_What is needed_
Among the entries below, find the line with "Claudie Pierlot layered wool jumper - Grigio", then quote it and each following line up to and including the line with "Men’s Hooded Casual Parka", and nothing else.

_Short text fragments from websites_
▽

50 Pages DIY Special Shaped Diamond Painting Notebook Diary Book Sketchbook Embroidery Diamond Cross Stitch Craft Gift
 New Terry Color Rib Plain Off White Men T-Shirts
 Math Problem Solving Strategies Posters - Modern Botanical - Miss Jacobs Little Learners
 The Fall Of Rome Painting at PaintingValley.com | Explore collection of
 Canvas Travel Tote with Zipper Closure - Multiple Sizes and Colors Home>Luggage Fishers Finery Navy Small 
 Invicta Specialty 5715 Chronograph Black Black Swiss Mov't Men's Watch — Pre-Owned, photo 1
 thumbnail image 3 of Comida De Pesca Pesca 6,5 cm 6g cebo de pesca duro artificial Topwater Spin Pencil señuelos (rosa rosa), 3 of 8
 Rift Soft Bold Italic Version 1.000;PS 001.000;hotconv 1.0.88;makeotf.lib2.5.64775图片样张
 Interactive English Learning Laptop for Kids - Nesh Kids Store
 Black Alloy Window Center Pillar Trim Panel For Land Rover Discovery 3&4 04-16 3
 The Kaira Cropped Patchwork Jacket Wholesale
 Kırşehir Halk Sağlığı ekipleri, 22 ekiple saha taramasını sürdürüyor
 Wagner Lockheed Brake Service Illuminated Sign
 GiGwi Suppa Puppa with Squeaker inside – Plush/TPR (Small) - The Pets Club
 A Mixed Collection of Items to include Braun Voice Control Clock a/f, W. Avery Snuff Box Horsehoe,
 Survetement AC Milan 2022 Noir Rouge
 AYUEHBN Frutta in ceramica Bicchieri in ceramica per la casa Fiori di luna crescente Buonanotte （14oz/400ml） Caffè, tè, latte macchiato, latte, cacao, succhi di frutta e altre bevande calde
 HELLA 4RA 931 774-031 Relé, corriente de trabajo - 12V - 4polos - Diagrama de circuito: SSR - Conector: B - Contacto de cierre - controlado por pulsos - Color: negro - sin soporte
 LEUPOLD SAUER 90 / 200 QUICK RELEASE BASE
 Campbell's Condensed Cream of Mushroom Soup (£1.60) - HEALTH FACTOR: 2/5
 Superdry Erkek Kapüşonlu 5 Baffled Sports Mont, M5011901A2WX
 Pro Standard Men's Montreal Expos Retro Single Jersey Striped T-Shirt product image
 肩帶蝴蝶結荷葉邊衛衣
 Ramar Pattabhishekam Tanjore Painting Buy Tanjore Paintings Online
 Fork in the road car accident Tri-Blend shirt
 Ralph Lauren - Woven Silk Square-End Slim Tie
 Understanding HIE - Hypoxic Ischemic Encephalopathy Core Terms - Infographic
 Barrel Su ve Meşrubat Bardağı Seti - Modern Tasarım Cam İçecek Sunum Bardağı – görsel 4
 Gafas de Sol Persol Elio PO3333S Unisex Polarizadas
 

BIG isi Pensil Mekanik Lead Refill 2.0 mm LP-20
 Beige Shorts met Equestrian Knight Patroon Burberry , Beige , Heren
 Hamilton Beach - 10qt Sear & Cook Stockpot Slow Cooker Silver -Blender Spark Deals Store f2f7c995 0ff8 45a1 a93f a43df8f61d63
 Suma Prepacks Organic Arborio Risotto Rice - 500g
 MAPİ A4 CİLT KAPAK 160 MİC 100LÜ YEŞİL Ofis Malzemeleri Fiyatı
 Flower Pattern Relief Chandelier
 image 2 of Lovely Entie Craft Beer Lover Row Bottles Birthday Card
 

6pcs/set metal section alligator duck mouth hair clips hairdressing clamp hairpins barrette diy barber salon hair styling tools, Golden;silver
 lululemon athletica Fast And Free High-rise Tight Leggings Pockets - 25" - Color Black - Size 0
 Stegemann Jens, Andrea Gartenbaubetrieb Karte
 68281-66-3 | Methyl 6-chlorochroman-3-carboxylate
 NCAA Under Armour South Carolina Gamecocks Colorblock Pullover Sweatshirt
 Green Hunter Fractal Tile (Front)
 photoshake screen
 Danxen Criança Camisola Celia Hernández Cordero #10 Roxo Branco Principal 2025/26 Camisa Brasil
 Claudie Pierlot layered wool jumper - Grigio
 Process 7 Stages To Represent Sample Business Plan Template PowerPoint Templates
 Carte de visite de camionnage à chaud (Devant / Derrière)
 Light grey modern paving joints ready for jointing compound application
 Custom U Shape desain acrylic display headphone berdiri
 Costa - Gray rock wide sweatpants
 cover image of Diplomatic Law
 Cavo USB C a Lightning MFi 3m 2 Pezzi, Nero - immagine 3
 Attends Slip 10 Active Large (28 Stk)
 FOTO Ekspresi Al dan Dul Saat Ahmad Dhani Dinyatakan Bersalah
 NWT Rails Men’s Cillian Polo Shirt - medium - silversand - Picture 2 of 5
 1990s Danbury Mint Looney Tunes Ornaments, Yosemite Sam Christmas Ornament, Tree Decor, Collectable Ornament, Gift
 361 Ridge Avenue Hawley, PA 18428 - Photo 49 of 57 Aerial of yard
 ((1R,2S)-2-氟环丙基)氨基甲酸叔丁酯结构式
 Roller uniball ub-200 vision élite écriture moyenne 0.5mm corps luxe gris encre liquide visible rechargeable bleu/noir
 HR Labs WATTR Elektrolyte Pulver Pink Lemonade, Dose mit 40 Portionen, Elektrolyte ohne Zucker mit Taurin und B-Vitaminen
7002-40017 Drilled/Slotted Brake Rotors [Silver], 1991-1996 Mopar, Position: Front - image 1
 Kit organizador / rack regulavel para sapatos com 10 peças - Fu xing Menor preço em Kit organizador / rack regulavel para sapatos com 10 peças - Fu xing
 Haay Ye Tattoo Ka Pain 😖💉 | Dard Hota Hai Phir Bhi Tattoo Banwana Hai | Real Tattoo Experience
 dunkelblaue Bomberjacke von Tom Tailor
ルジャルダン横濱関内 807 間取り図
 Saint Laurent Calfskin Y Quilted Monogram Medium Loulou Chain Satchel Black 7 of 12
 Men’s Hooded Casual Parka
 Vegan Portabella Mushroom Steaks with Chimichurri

△

_Result of this task_
 Claudie Pierlot layered wool jumper - Grigio
 Process 7 Stages To Represent Sample Business Plan Template PowerPoint Templates
 Carte de visite de camionnage à chaud (Devant / Derrière)
 Light grey modern paving joints ready for jointing compound application
 Custom U Shape desain acrylic display headphone berdiri
 Costa - Gray rock wide sweatpants
 cover image of Diplomatic Law
 Cavo USB C a Lightning MFi 3m 2 Pezzi, Nero - immagine 3
 Attends Slip 10 Active Large (28 Stk)
 FOTO Ekspresi Al dan Dul Saat Ahmad Dhani Dinyatakan Bersalah
 NWT Rails Men’s Cillian Polo Shirt - medium - silversand - Picture 2 of 5
 1990s Danbury Mint Looney Tunes Ornaments, Yosemite Sam Christmas Ornament, Tree Decor, Collectable Ornament, Gift
 361 Ridge Avenue Hawley, PA 18428 - Photo 49 of 57 Aerial of yard
 ((1R,2S)-2-氟环丙基)氨基甲酸叔丁酯结构式
 Roller uniball ub-200 vision élite écriture moyenne 0.5mm corps luxe gris encre liquide visible rechargeable bleu/noir
 HR Labs WATTR Elektrolyte Pulver Pink Lemonade, Dose mit 40 Portionen, Elektrolyte ohne Zucker mit Taurin und B-Vitaminen
7002-40017 Drilled/Slotted Brake Rotors [Silver], 1991-1996 Mopar, Position: Front - image 1
 Kit organizador / rack regulavel para sapatos com 10 peças - Fu xing Menor preço em Kit organizador / rack regulavel para sapatos com 10 peças - Fu xing
 Haay Ye Tattoo Ka Pain 😖💉 | Dard Hota Hai Phir Bhi Tattoo Banwana Hai | Real Tattoo Experience
 dunkelblaue Bomberjacke von Tom Tailor
ルジャルダン横濱関内 807 間取り図
 Saint Laurent Calfskin Y Quilted Monogram Medium Loulou Chain Satchel Black 7 of 12
 Men’s Hooded Casual Parka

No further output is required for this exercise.